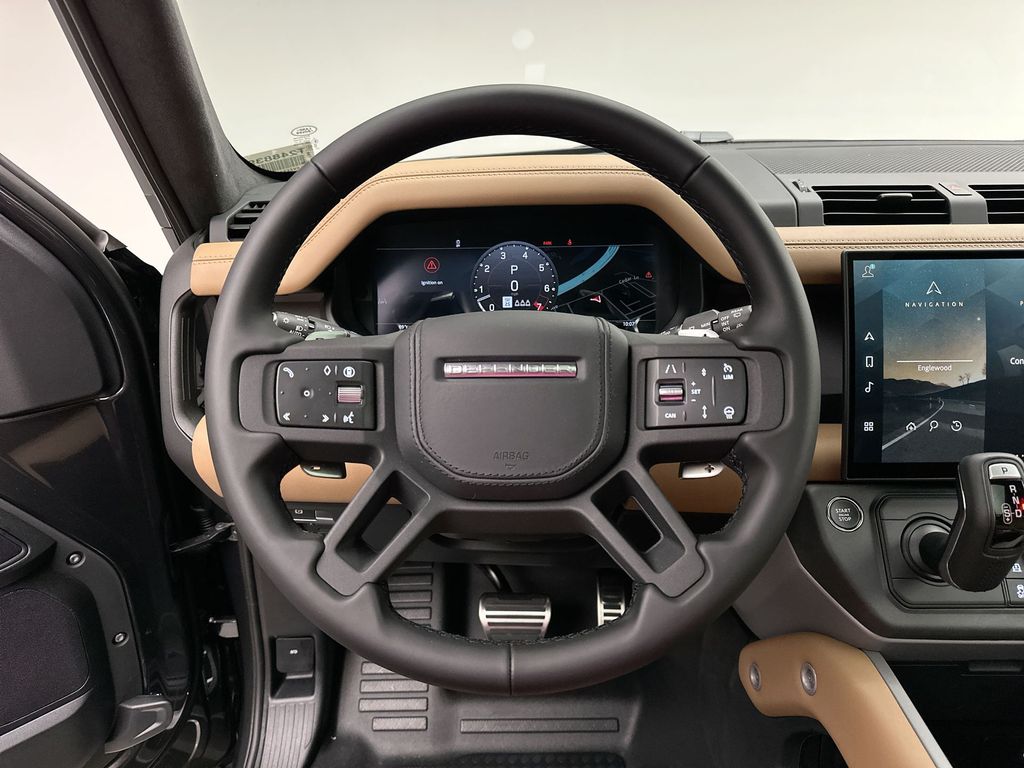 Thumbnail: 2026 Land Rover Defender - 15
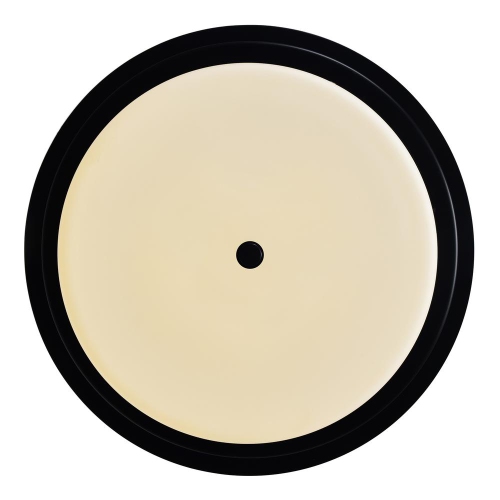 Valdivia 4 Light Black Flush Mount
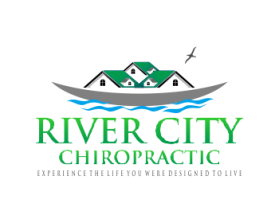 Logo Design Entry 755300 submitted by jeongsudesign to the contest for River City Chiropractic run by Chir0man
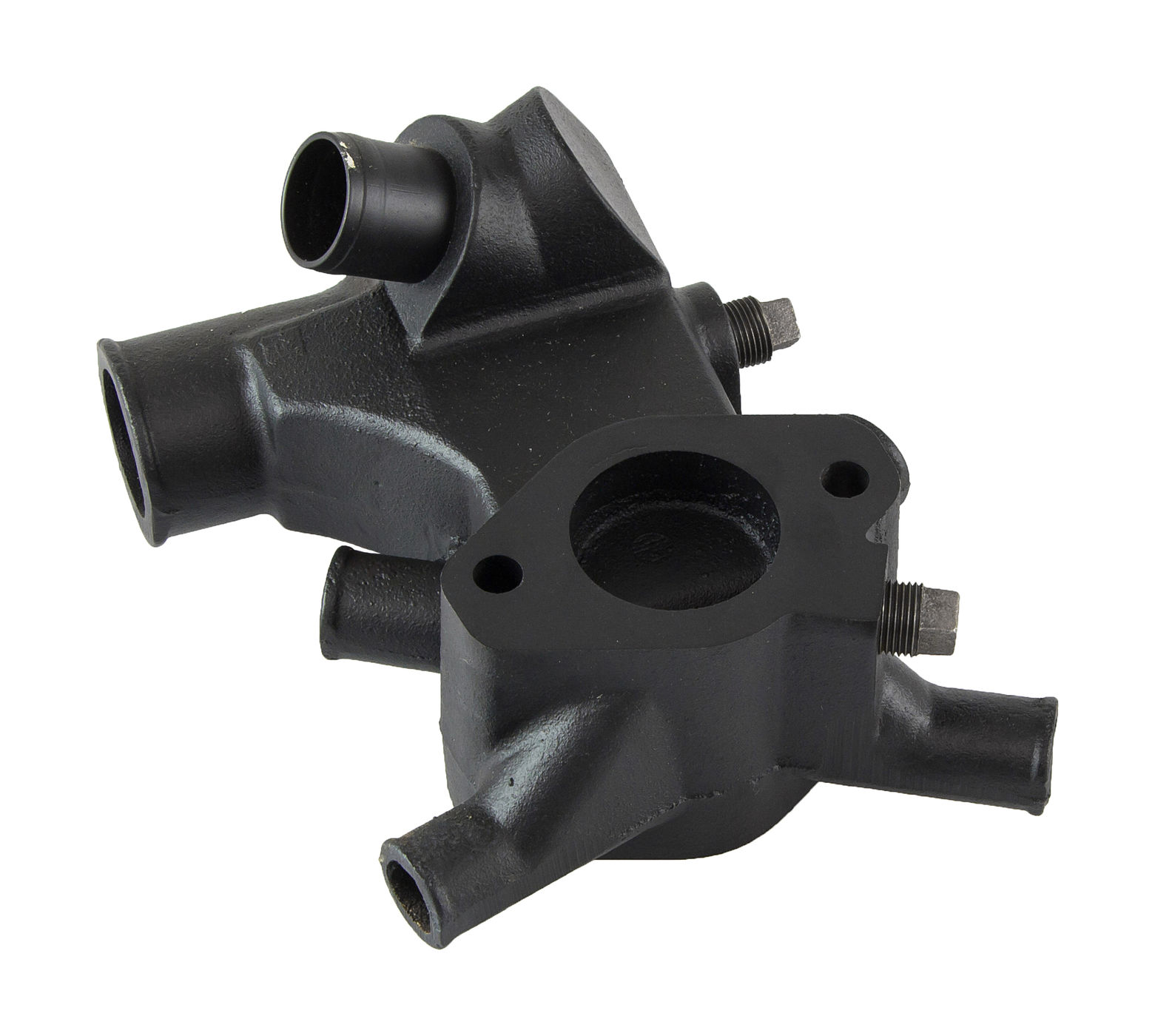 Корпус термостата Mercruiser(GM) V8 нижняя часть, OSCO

Exercise aim: Set down word for word the lines beginning with the one containing "Valdivia 4 Light Black Flush Mount" and ending with the last line of the listing, inclusive. Omit every picture.

Worked solution:
 Valdivia 4 Light Black Flush Mount
 Logo Design Entry 755300 submitted by jeongsudesign to the contest for River City Chiropractic run by Chir0man
 Корпус термостата Mercruiser(GM) V8 нижняя часть, OSCO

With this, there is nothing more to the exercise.